SAP Tips: Understanding the SAP response options in the SAP GUI

SAP Tips: Understanding the SAP response options in the SAP GUI

When you click next to the down arrow at the bottom right of the SAP screen, you get a selection of data, as below.

But what is this actually showing you?

The first thing to note is that whatever you select here will display as the data on the home screen. For example, my screen shows “A4H (3) 100”, which is the system ID and client. This is displayed on the home screen because that is the option in the menu which has been selected (it has the small round circle next to it, denoting that it has been selected to display). Click on any other option and that displays there instead. It is quite useful to show the system ID to show whether you are in production or quality for example, but some users prefer the transaction.

For example, if I change the selection to the program, then the home screen will show the program name instead:

System

This is the system ID (often called SID) which is allocated to that system. Each iteration (development, quality, production, sandbox etc.) has its own system ID. It is populated using the name of the system plus the client.

Client

SAP defines a client as “a commercially, organisationally, and technically self-contained unit within an SAP system.” The client is the highest level in the SAP hierarchical structure.

Data within the SAP system can be either client-specific or cross-client data. Most data is client specific (like customers, materials, vendors etc.). However, there are some customising tables and repository objects which are cross-client. When you attempt to change cross client data, you will receive a warning message from SAP alerting you to the fact that the data you change will affect all clients.

User

This is the user ID of whoever is logged on to the system and client in question.

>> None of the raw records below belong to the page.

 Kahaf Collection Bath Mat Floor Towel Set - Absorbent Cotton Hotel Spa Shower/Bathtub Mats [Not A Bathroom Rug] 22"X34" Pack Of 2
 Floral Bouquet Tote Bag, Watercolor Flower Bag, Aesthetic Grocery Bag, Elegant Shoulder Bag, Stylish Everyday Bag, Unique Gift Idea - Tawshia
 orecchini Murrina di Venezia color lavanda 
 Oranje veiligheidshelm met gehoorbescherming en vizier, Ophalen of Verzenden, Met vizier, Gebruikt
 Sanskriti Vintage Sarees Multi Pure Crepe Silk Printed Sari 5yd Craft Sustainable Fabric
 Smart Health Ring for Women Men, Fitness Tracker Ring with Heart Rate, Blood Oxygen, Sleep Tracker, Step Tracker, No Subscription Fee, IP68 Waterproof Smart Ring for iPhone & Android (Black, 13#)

There are five different types of users in SAP, as below:

Program

Every screen in SAP has a program associated with it – some have many. Every time you use a transaction or an area menu, you launch a program. By looking at the Program in the GUI options you can understand which program is being used. This can be useful for ABAP programmers, but please bear in mind that standard programs can be extremely complex, with multi-layered includes.

The feature is, however, especially useful when running custom transactions.

Transaction

This is pretty obvious right?

Well, yes, it shows the transaction you are using currently. However, this can be very useful when entering some configuration settings through transaction SPRO.

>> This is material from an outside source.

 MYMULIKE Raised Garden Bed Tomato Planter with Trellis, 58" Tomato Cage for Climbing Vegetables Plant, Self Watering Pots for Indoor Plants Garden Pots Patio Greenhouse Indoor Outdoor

Most of the settings in SPRO have their own transaction codes and can be used as short cuts. One of the ways to get to these is to look at the GUI options bar. See below for Copy control menu path in SD in transaction SPRO and then the transaction VTAP is the real transaction you are looking at.

Response Time

The response time is the difference between when the transaction requests data and when the process time is complete. This is made up of several steps:
1. Wait time – the dispatcher is waiting for a free work process
2. Load/generating time – the time taken to load/generate a screen or ABAP program
3. Database time – the time taken to access the database
4. Roll-in time (also called “roll wait time”) – the time taken for remote function calls to be executed
5. Enqueue time – the time taken to set a logical SAP enqueue (these manage the locks against the database tables)
6. Database procedure time – time taken for the database to process the request

Interpretation Time

The SAP GUI operates on a three-tier architecture:
a. Presentation layer – the layer which is presented to the user through the SAP GUI.
b. Application layer – this is the layer which deals with the inputs of data from the presentation layer and formats it into the correct format for consumption in other applications.
c. Database layer – this is the layer in which all the data is stored – i.e., in the database. This layer sits between the presentation layer and the application layer.

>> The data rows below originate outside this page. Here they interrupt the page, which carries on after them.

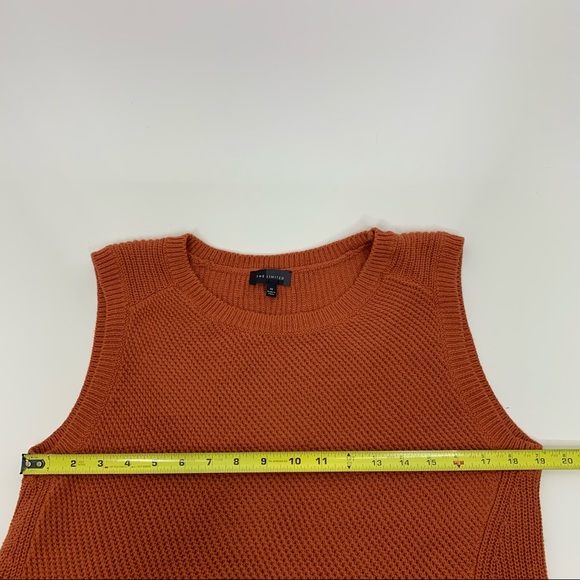 The Limited Solid Orange Wide Knit Sleeveless Crewneck Sweater Tunic Size Medium - Picture 11 of 12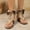 #0053-Khaki, variant on Women's Thong Heel Sandals, Front Zip Ankle Bootie Hybrid Shoes, Folded Shaft Faux Suede Low Heels, Versatile Spring Summer Edgy Footwear Gift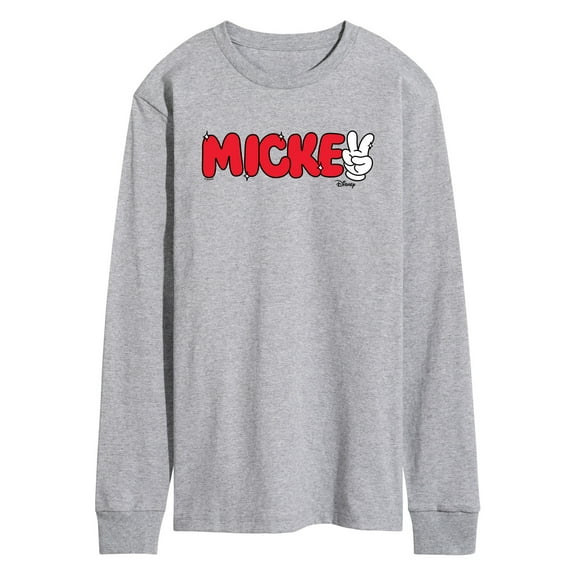 Disney - Mickey Red Hand Peace Sign - Men's Long Sleeve T-Shirt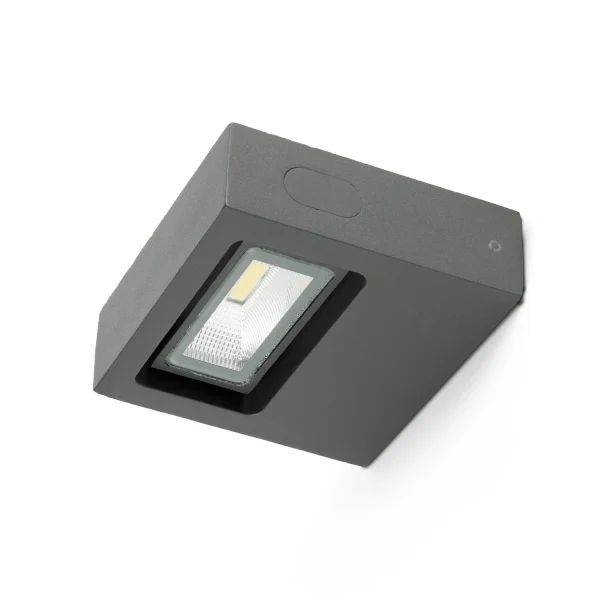 Faro Taima - applique murale - 12 x 11,1 x 3,7 cm - 6W LED inclus - IP54 - gris foncé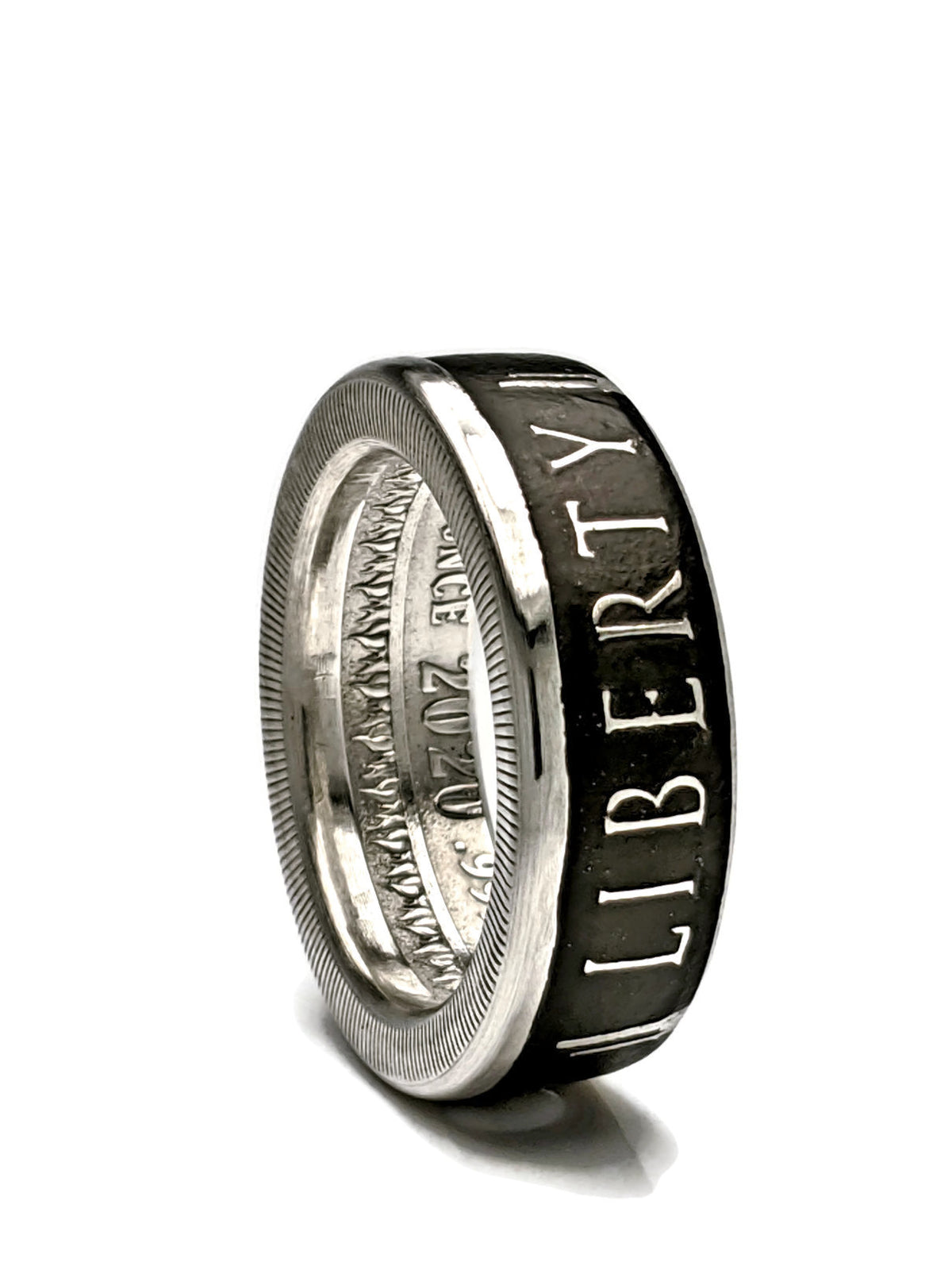 Liberty or Death .999 fine silver coin ring with black finish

The interpretation time refers to the time taken from the precise moment the information is submitted from the presentation layer, through the time taken to validate the information through data from the database layer, and then send it on to the application server.

Round Trips/Flushes

A round trip is a communication from the presentation layer all the way to the application layer and back again. The statistics show the round trip as the first entry – for example, 2/0 means there have been two round trips.

Flushes are synchronisation steps for the communication between the presentation layer and the application layer. Often there are multiple communication requests simultaneously, and SAP synchronises these requests and process them in the sequence in which the user filled them. Exception errors are triggered by the flush method.